> **WORK INSTRUCTION**
Within the listing that follows, reproduce exactly the lines starting at the line with "Ручка двери передняя правая BMW X6 2011" and ending at the line with "Manfrotto tripod kit", inclusive, and only those. Pictures are dropped.

[EXTRACTED RECORDS Boundary: Start]

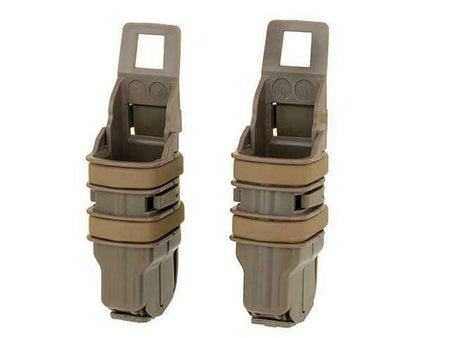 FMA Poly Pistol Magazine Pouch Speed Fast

[EXTRACTED RECORDS Boundary: End]
[EXTRACTED RECORDS Boundary: Start]

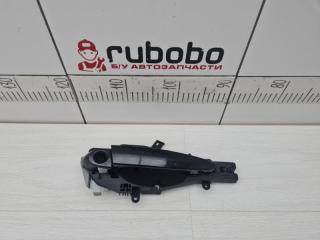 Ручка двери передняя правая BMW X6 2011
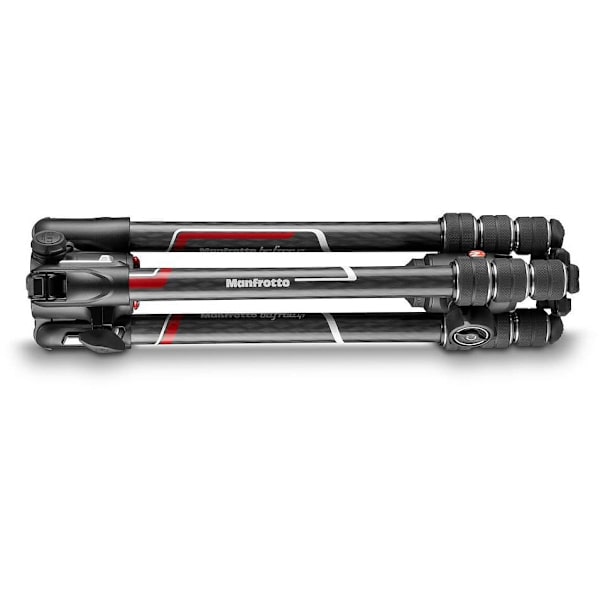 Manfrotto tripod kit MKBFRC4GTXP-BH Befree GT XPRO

[EXTRACTED RECORDS Boundary: End]
[EXTRACTED RECORDS Boundary: Start]

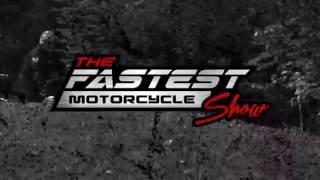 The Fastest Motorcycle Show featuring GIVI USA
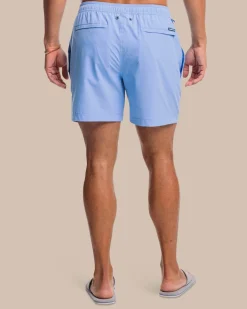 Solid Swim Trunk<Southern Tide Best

[EXTRACTED RECORDS Boundary: End]

> **ANSWER BELOW**
 Ручка двери передняя правая BMW X6 2011
 Manfrotto tripod kit MKBFRC4GTXP-BH Befree GT XPRO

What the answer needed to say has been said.